Solutions are out there. The icing on the cake was a Sun Chips ad I
saw online: apparently eager to position itself as a “green” chip, it
pledged that Sun Chips packaging would be totally biodegradeable by
2010, and showed a dramatic time-lapse of a chip bag melting away into
soil.
Of course, I believe that less consumption is the key to a better
environment, and that a green initiative by a huge chip company
(Frito-Lay) needs to be looked at skeptically. But I have to take a
little bit of comfort from the fact that, for whatever reason (consumer
demand? economics? the zeitgeist?), a huge chip company is actually
taking a major step and replacing billions of non-degradable bags with
degradable ones.
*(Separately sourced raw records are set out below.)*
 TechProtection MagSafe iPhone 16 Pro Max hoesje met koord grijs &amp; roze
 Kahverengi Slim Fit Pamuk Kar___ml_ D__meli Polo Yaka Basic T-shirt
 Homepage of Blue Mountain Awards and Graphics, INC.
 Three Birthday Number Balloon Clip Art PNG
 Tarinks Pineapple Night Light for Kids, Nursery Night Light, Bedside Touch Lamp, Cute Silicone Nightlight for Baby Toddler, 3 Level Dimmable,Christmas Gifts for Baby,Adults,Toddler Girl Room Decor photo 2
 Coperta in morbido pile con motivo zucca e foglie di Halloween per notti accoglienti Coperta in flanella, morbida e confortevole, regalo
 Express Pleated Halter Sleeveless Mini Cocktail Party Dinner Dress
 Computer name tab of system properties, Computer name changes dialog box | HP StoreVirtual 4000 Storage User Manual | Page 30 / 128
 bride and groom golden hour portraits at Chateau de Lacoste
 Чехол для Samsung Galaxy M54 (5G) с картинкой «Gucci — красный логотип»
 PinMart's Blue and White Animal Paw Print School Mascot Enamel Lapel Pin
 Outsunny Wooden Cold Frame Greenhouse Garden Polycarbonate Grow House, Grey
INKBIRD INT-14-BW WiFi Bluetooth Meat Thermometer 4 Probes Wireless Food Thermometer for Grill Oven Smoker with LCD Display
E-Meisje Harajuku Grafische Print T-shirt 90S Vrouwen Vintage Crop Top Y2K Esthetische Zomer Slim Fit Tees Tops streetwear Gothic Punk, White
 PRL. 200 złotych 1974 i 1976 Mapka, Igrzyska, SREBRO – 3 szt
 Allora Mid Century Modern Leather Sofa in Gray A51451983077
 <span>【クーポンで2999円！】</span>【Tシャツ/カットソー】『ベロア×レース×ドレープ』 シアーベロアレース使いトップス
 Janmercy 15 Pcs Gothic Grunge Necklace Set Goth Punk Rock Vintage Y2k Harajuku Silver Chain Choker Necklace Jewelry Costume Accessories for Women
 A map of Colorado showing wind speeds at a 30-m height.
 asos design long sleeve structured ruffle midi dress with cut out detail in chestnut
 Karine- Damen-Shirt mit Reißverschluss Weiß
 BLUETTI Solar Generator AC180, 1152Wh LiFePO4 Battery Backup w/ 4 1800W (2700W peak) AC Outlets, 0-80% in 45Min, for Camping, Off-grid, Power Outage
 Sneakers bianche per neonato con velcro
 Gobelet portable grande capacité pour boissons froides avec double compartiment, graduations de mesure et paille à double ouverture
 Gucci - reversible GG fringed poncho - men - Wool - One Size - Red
And if they get enough thanks from eaters out there,
maybe they’ll switch their Doritos and Lays and Fritos chips over too.
I can dream, can’t I?
I know I’ve written a lot about plastic, but Addicted to
Plastic has given me another push toward going completely
plastic-free. I’ll take another few steps: eliminating beans that come
in cans with plastic linings, and making my own yogurt and soy milk
(again… I’ve gotten lazy lately). I’m also reviving my
crazy-lady program of picking up plastic bottles in the street, and
putting them in recycling bins — anything to keep them from
washing straight into the ocean. If Norway can recycle 90 percent of
its plastic bottles, we can certainly do a little bit better than our
measly 5 percent.
I also noticed that Petco is taking back the heavy plastic bags that
pet food often comes in for recycling: I’ll be sure to bring in the dog
food bags we generate instead of reusing them as garbage holders, the
only thing I could think to do with them…hopefully other pet owners
will do the same.
The plastic bags are still in “my” tree — I’m trying to figure
out how to afford the $450 telescoping bag snagger that could deal with
them. (Any generous billionaires out there? I’ll share it with anyone
who needs it…). In the meantime, I’m letting them stand as reminders
of all the ways we can eliminate plastic, and all the alternatives that
exist, rather than letting them make me crazy with plastic-induced
despair. Some day my snagger will come.